++++ Supplied records ++++

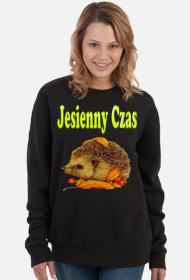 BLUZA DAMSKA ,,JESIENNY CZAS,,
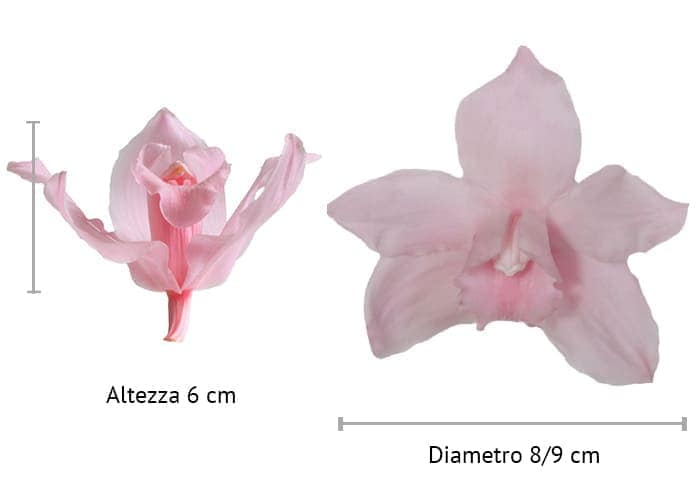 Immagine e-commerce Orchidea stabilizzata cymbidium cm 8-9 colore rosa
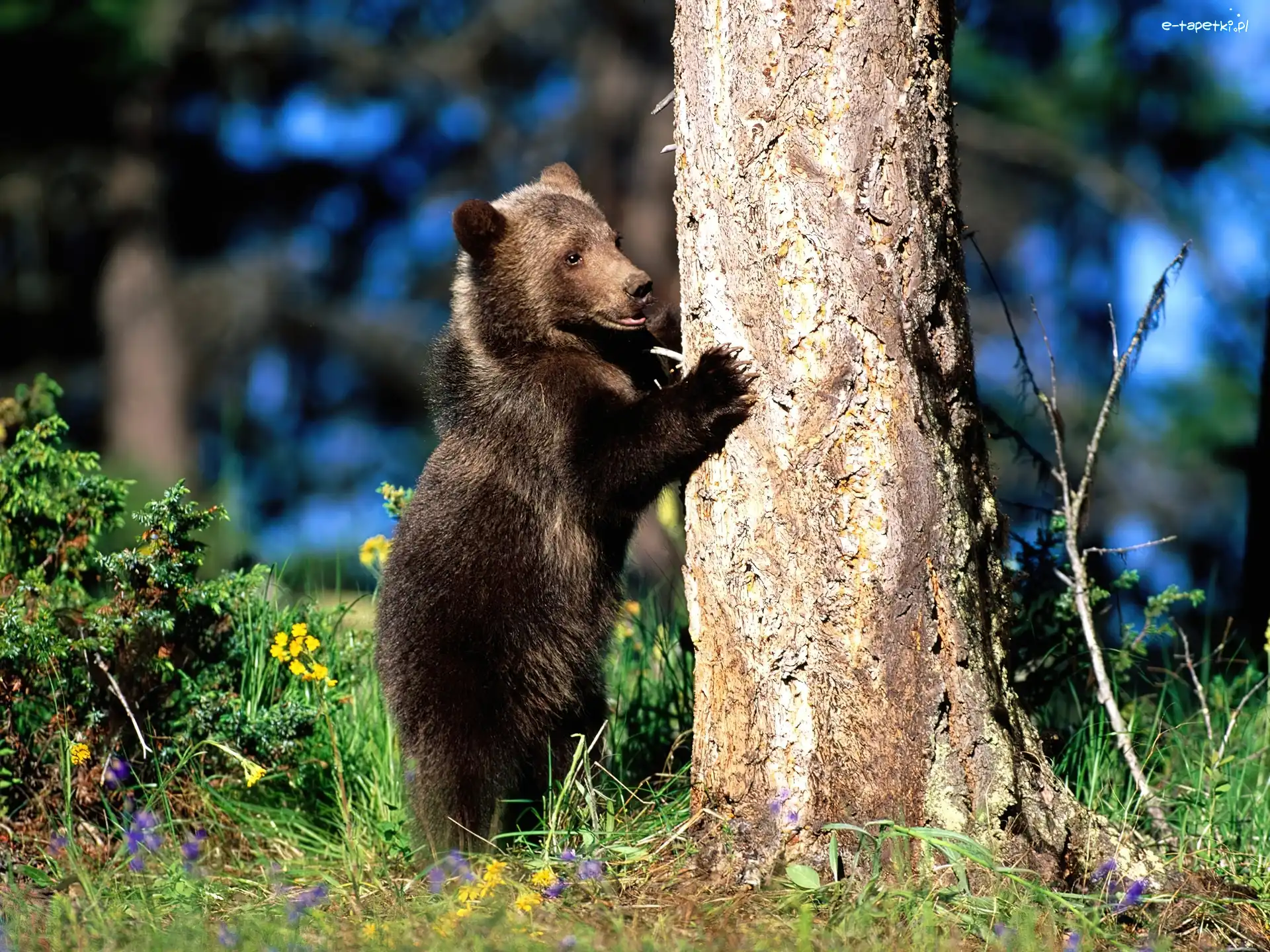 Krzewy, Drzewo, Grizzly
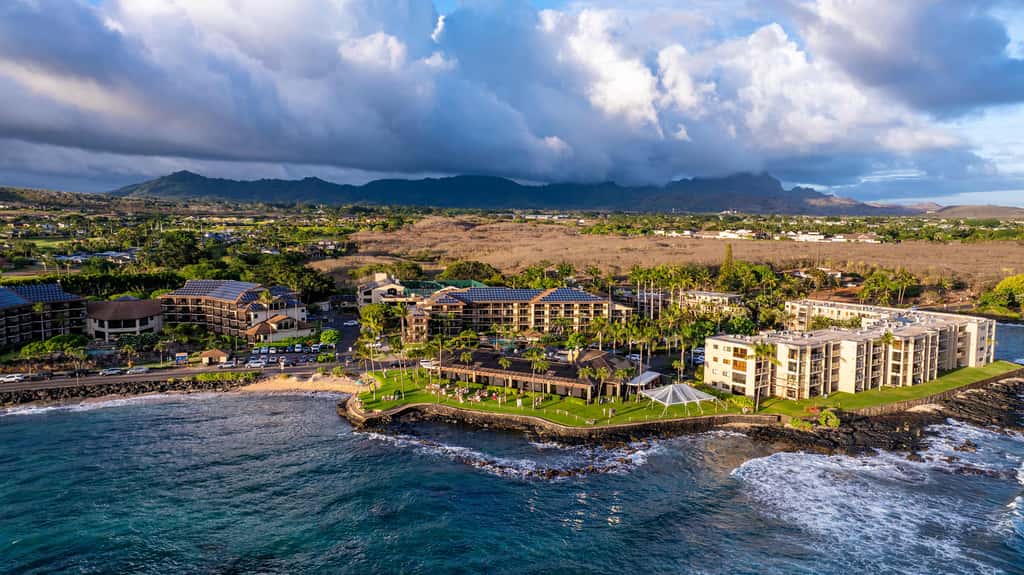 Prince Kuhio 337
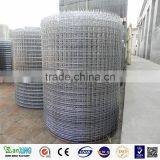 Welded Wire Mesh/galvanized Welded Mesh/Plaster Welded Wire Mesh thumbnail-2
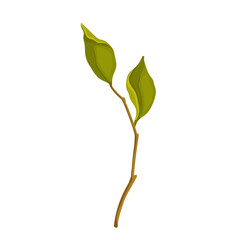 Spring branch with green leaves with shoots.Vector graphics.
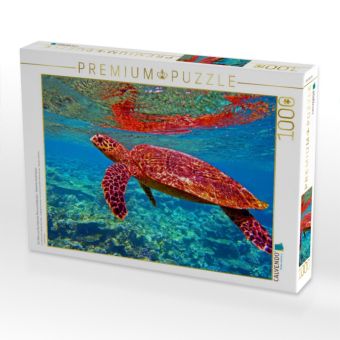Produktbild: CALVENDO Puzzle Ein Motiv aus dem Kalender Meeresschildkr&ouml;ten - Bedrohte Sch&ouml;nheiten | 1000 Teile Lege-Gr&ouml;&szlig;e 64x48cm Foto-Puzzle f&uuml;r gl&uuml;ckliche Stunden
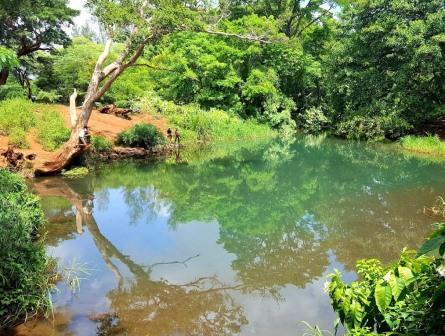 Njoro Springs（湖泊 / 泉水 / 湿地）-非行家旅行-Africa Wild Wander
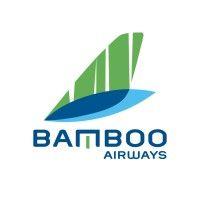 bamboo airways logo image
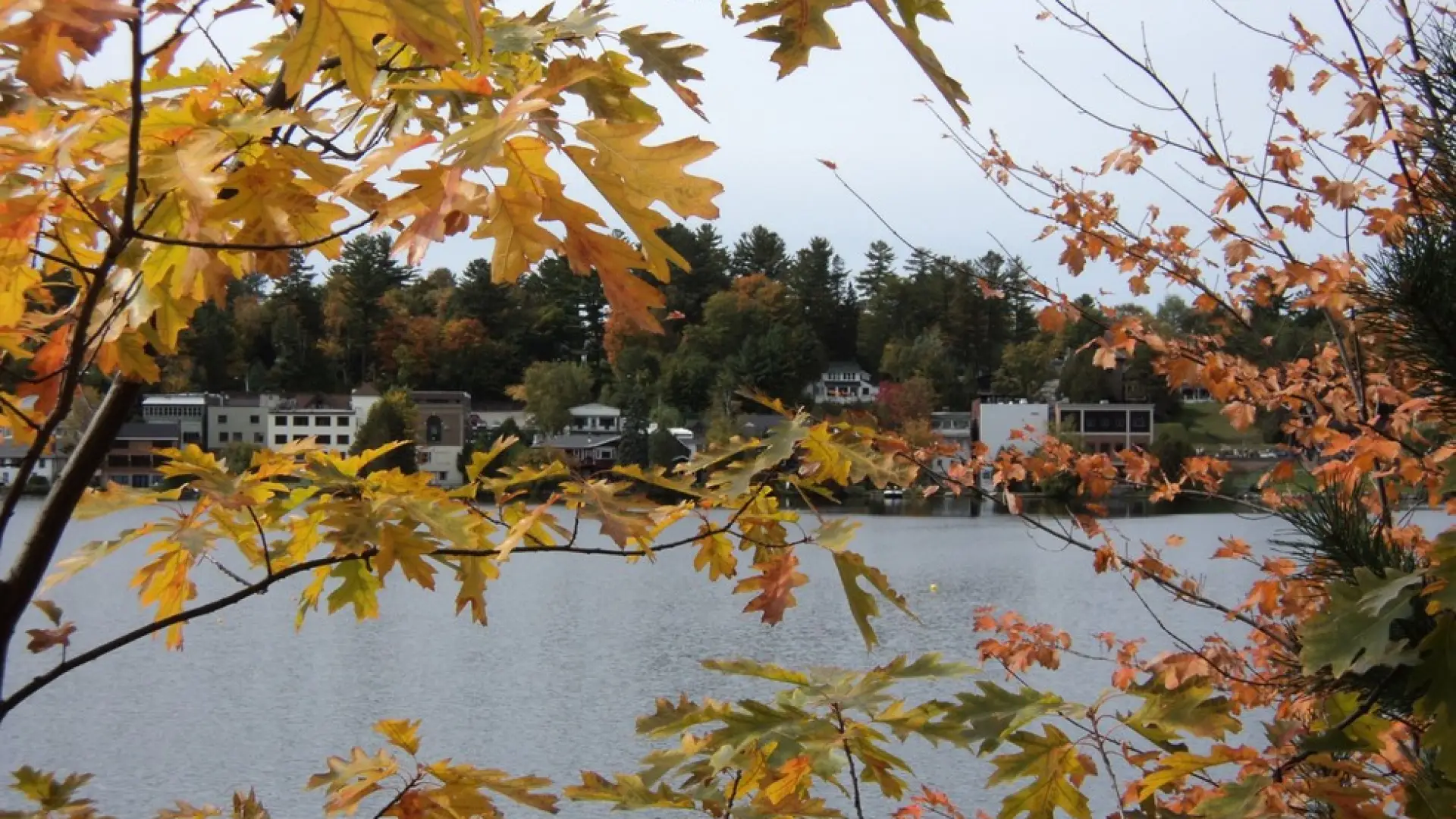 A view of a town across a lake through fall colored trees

++++

▸ Prompt
The answer must consist only of the lines from the beginning of the entries above through the line that holds "Spring branch with", reproduced exactly and without pictures.

▸ Solution to this problem
 BLUZA DAMSKA ,,JESIENNY CZAS,,
 Immagine e-commerce Orchidea stabilizzata cymbidium cm 8-9 colore rosa
 Krzewy, Drzewo, Grizzly
 Prince Kuhio 337
 Welded Wire Mesh/galvanized Welded Mesh/Plaster Welded Wire Mesh thumbnail-2
 Spring branch with green leaves with shoots.Vector graphics.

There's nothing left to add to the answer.